_TASK OBJECTIVE_
In the records below, find the line containing "Mercedes Benz E-Class E 200 4", then copy that line and all lines after it, exactly, omitting every picture.

*** EXTRACTED INFORMATION

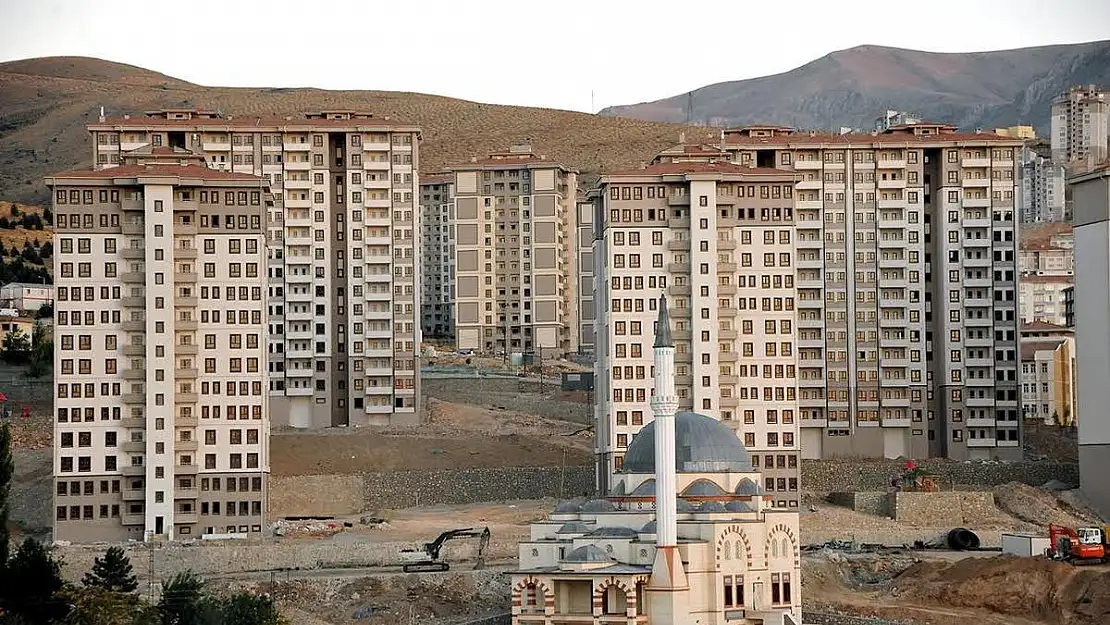  TOKİ´DE KURA ÇEKİM HEYECANI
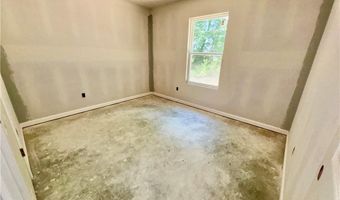 382 Oak St, Austin, IN 47102
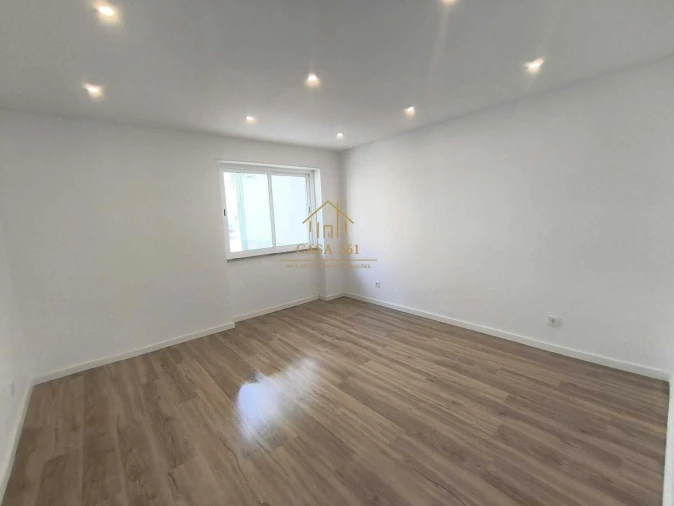 Apartamento T2 para Venda em Algueirão-Mem Martins Foto 9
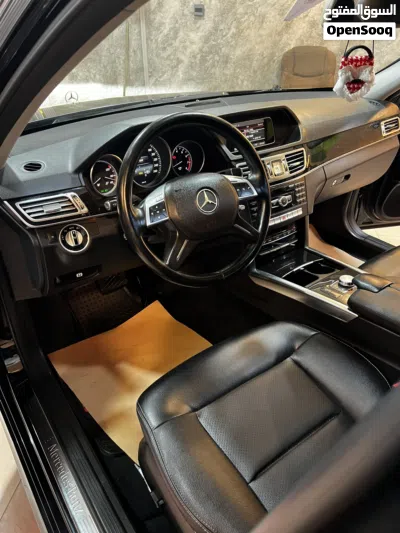 Mercedes Benz E-Class E 200 4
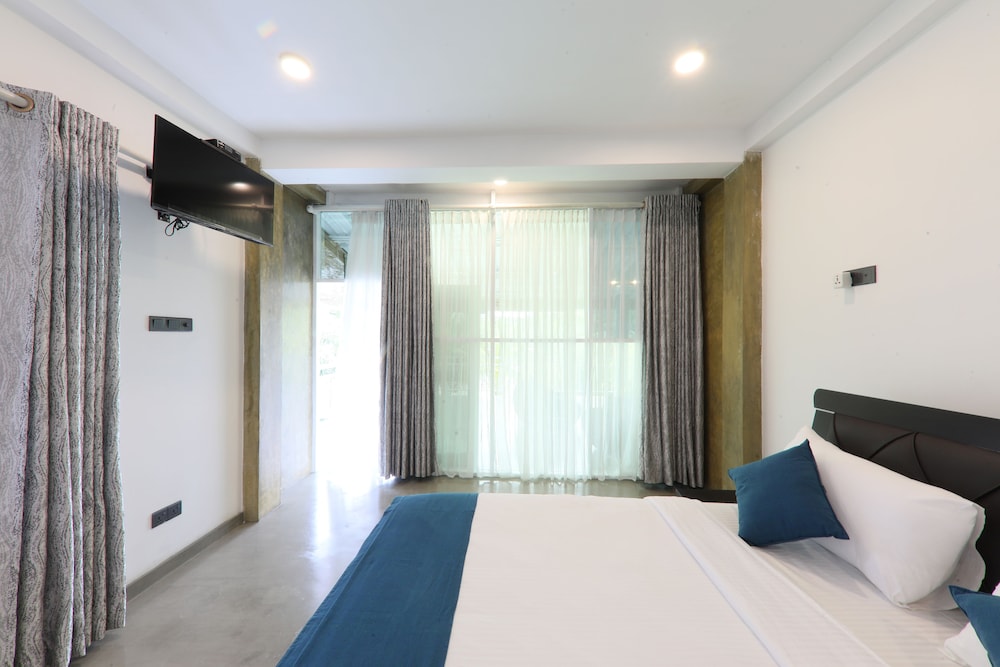 Basic Room, 2 Bedrooms, Smoking, Lake View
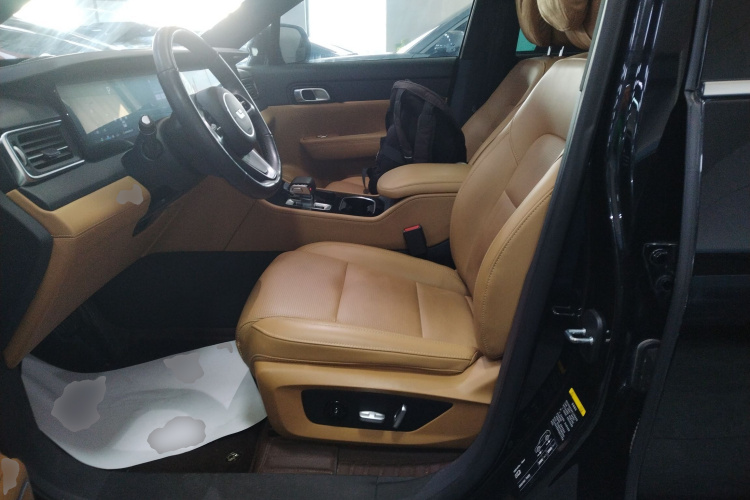 理想汽车 理想ONE 2021款 增程6座版中控内饰19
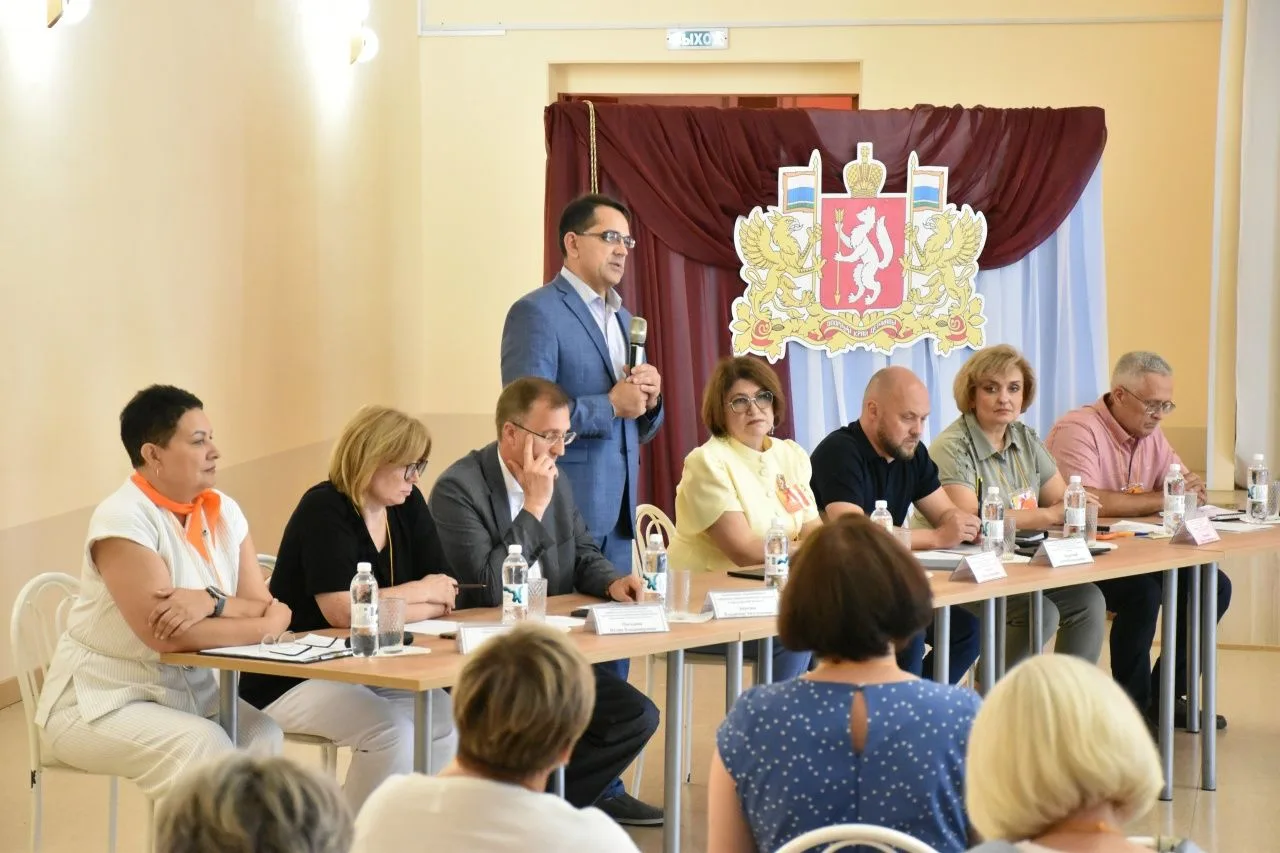 В Городском Дворце культуры 23 июля прошел окружной семинар-совещание, главной темой которого стала 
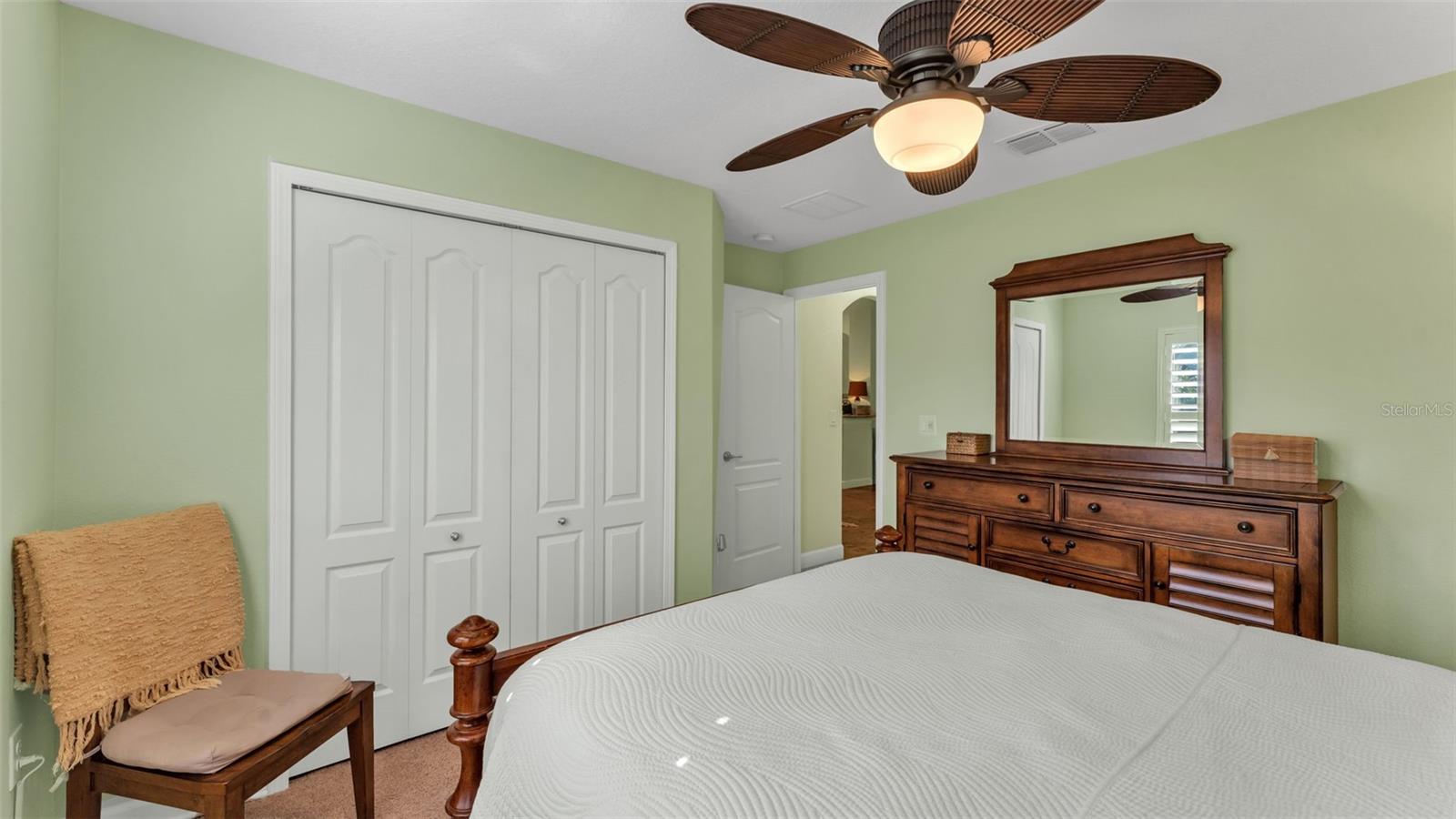 TRADITIONS PH 01 - Residential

******

_RESULT OF THE TASK_
 Mercedes Benz E-Class E 200 4
 Basic Room, 2 Bedrooms, Smoking, Lake View
 理想汽车 理想ONE 2021款 增程6座版中控内饰19
 В Городском Дворце культуры 23 июля прошел окружной семинар-совещание, главной темой которого стала 
 TRADITIONS PH 01 - Residential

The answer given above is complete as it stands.